= Staff management =

Management of subordinates in an organization

Staff management is the management of subordinates in an organization. Often, large organizations have many of these functions performed by a specialist department, such as personnel or human resources, but all line managers are still required to supervise and administer the activities and ensure the well-being of the staff that report to them.

Staff managers include people who lead revenue consuming departments, for example, accounting, customer service, or human resources. They serve the line managers of the organization in an advisory or support capacity by providing them with information and advice. Furthermore, staff managers usually do not make operating decisions.

Staff management may involve moving a workforce around and utilizing human resources. Within staff management there is also line management, which involves the hierarchy system of the organization. Human resources and line management are often aligned as they both involve employees of any given organization.

See explanation of staff and line.

==Human resources==
Human resources (HR) refers to any activity within a business, company, or organization used to deal with the management of its employees. These tasks can include employment, training, growth, and improvement. A number of large-scale, global or international organizations might also do internal job postings to save money or time.

The main goal of human resourcing is to: "drive innovation, productivity and share price through mobilizing the workforce towards excellence". This was recognized by David Ulrich, who is thought to be the pioneer of HR (Human Resource Champions Book 1996). Human resources, in general, has great importance for almost every business or organization. Another name for human resources is personnel, though this is outdated.

Human resources is so highly valued that some organizations share HR systems with other organizations through outsourcing. This creates an environment similar to a partnership as they may share similar systems and gain the ability to transfer employees to areas where they are most needed.

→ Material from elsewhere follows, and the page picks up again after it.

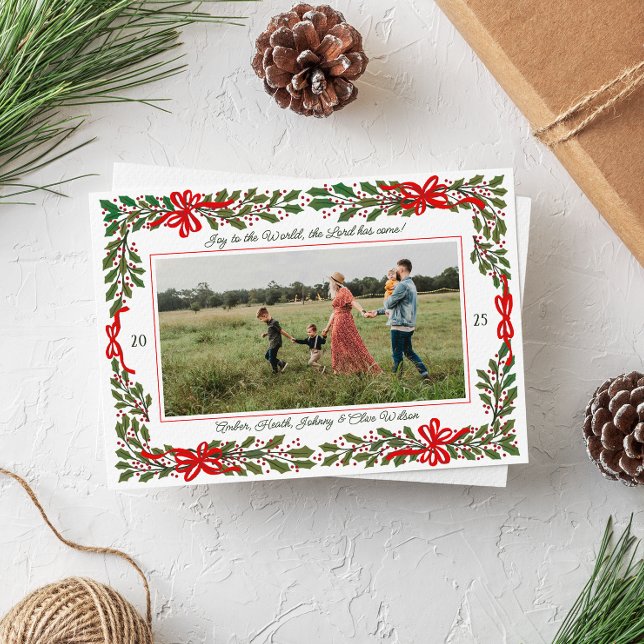 Red Bows and Holly Garland One-Photo jul Julkort (Charming holly branches and red looping bows frame one horizontal photo Christmas holiday card)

Human resource planning is needed for staffing, to consider the skills, knowledge, and attributes needed when hiring new employees. HR staff will also gauge the number of employees needed, and examine people believe to be the most qualified.

==Line management==
Line management is a chain of commands within the hierarchy system of an organization. The person with the highest level of command in an organization is the CEO (chief executive officer). It can be difficult to transfer information from the lowest-ranked employees in an organization to the CEO, as the information flow to the CEO is often very limited. CEOs generally share information among higher position stakeholders, for example, directors, chairmen, system or product developers, and other stakeholders who have authority. Lower level employees, workers and those who tend to have more of a relationship with their customers or the audience for whom they are trying to direct a product, receive their information over the line of command. Another name for them is the workforce, as they are the people who help with the sales or manufacturing of an organization for the most part.

The workforce consists of managers, sales assistants, manufacturers and shop assistants.

==Responsibilities and liabilities==
The organization is responsible for every employee in a company if something goes wrong. Employees can receive compensation for any serious incidents that may have occurred such as health and safety violations or injuries operating machinery, for example. Another example is the case of a supplier to British retailer Primark. The supplier's factory was located in the Rana Plaza building in Bangladesh. The building collapsed on April 24, 2013 killing 1100 people. The company was forced to pay the victims £12 million in damages.

This was considered a liability and became a debt that the company was forced to pay. In this case, Primark's human resources systems became spread out and difficult to monitor. This is why large corporations have a number of issues when it comes to ethics and accountability. Companies such as Primark are so large that one part of their business may be dealing with a corrupt or negligent foreign firm and the stakeholders, CEO, or other employees may not have sufficient information about the firm or factory abroad.

If an organization owes money to an employee as compensation because of mistreatment, then this counts as a liability for the business. Slow or non-payment of compensation may become an issue of workers rights and ethics.